What’s next to Syria | Analysing Situation in the Golan Heights
Golan Heights has always been a matter of debate between Israel and Syria. The history of the area dates back to 1967 when Israel occupied it, following an annexation in 1981 which till date has not been recognised by the international community. In 2016, the United Nations Security Council rejected Israel’s claim over the area and matters of law and jurisdiction on Israel’s part was declared null and void. Israel is now becoming a centre of power in the chaotic Syrian War, as the country has always looked after its security interests in the area, with respect to the Iranian and Hezbollah troops monitoring the border areas.
However, on Monday, the war-torn country Syria seized a very strategic hill overlooking the Israeli occupied Golan Heights. Assad’s loyal troops took control of the ‘Al Haara’ hill which was part of the mission undertaken to retake the remaining areas of the Quneitra province along the Israeli borders. The hilltop which was occupied by the rebels have been heavily bombed by both the Syrian and Russian military. The problem of the Syrian War is no longer confined to its geographical borders, and most of its neighbouring, as well as international communities, have tried to use its ground for their own interests. It is turning into a field for other countries to play their interests as the presence of the Iranian forces is only a way of being connected with the Lebanese Hezbollah group, and Israeli forces are concerned with the presence of the Iranian forces and their influence. The Syrian troops might have taken over the hill, but Israel promised of not intervening as long as the troops are away from the ‘demilitarized’ zone. The Syrian troops are marching towards the seizure of ‘the triangle of Death’ connecting the provinces of Derra, Quneitra and southern Damascus. Meantime, the Trump-Putin meet in Helsinki talked of ensuring complete security to Israel, and assured that Israel’s security concerns for the presence of Iranian troops in the region will also be addressed together by both the nations.

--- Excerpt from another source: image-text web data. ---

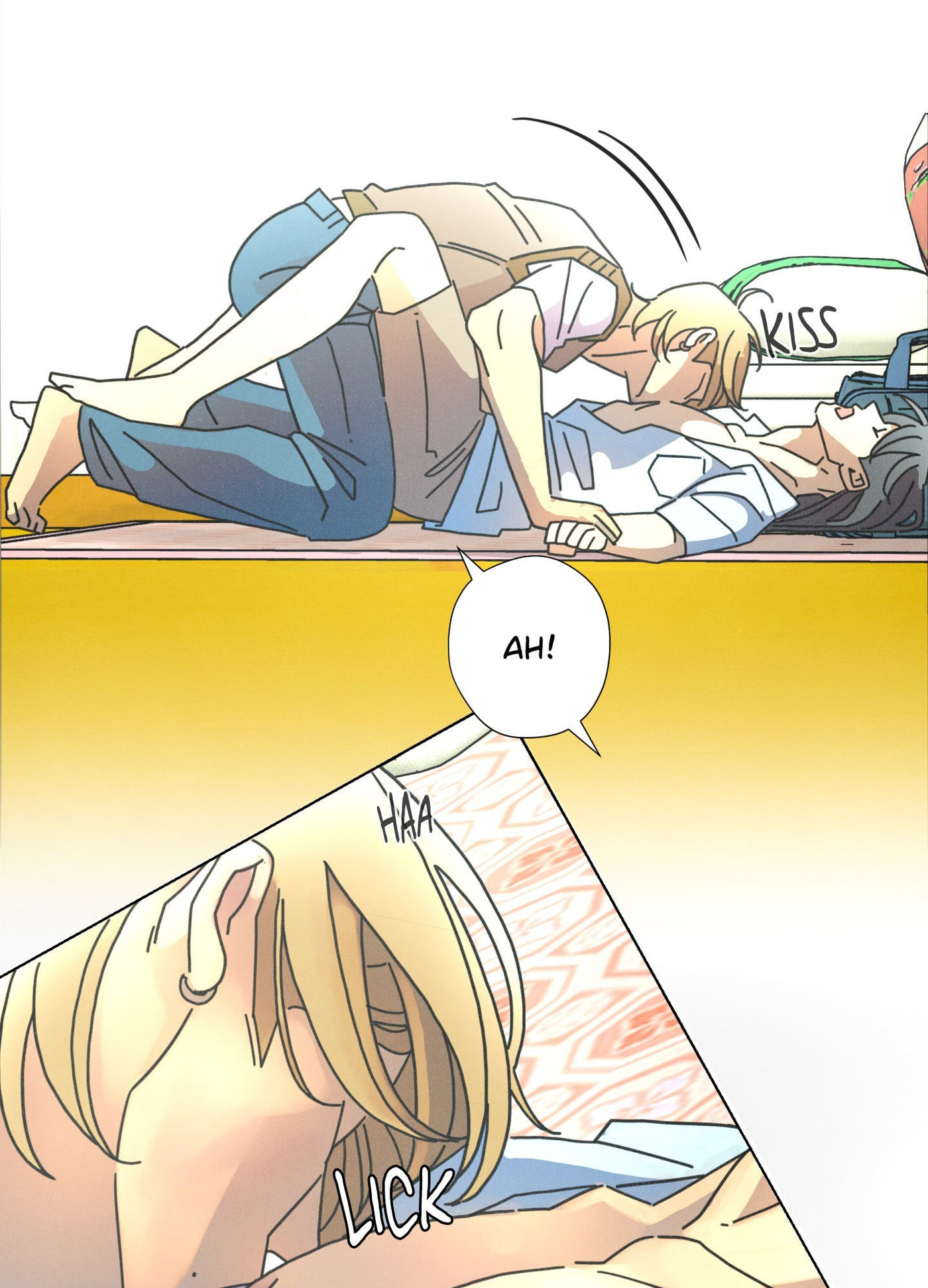New World Order (Songhyel) Chapter 14 page 11 - 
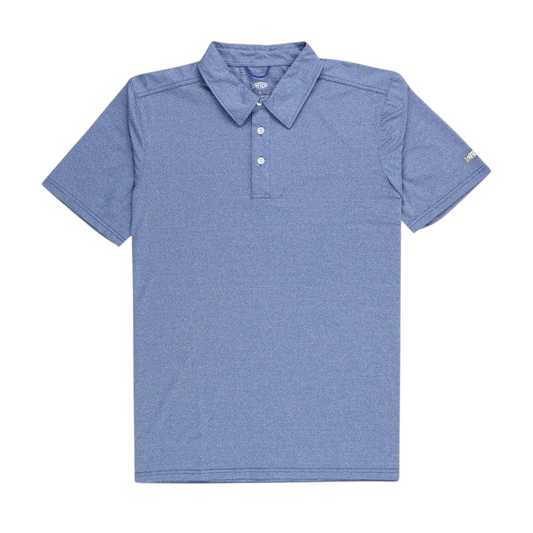 Aftco Air O Mesh Performance Polo Shirt - Dogfish Tackle & Marine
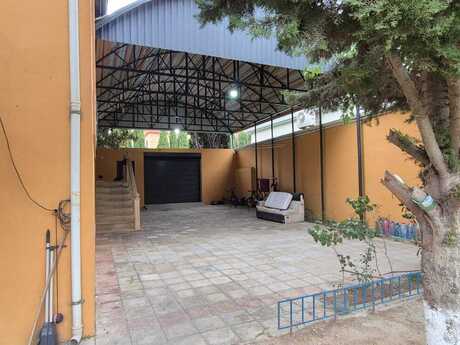 4 otaqlı həyət evi/bağ evi - Buzovna q. - 157 m²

The Syrian population residing in the Golan Heights have boycotted the municipal elections earlier this year, as the people weren’t ready for the ‘Israelization’ of their territory. The young generations are surrendering their Syrian identity and accepting the Israeli citizenship as they are tired of the war and all these sects of people want are to have better economic conditions for themselves, as the war had cost them everything they had. These are the people who do not wish for another war between their country and the Israelis over Golan Heights, an area for which even the world community has failed to provide a resolution to. The next step of the Syrian troop or the government is unknown and whether Golan Heights be actually brought back to its homeland as claimed by the Syrians. But the biggest controversy arises in terms of the allies Israel has, which it can always turn back to is Russia and the United States of America. Israel Prime Minister, Benjamin Netanyahu has time and again confirmed that the international community is ‘wasting’ time in the only surviving democracy in the Middle East and that the Golan Heights will remain under its sovereignty. The claim on territory has always been an issue for any sort of disagreement between nations, history is clearly an example of it and now with the Golan Heights, there is a possibility that another disagreement might take place. Some Syrian groups residing in the area tried to cross the border when the Israeli forces stopped them around 200 meters away from the border. The Syrian people are the ones suffering from this chaos that had erupted 7 years ago and this incident could throw their own land again into a state of turmoil with Israel.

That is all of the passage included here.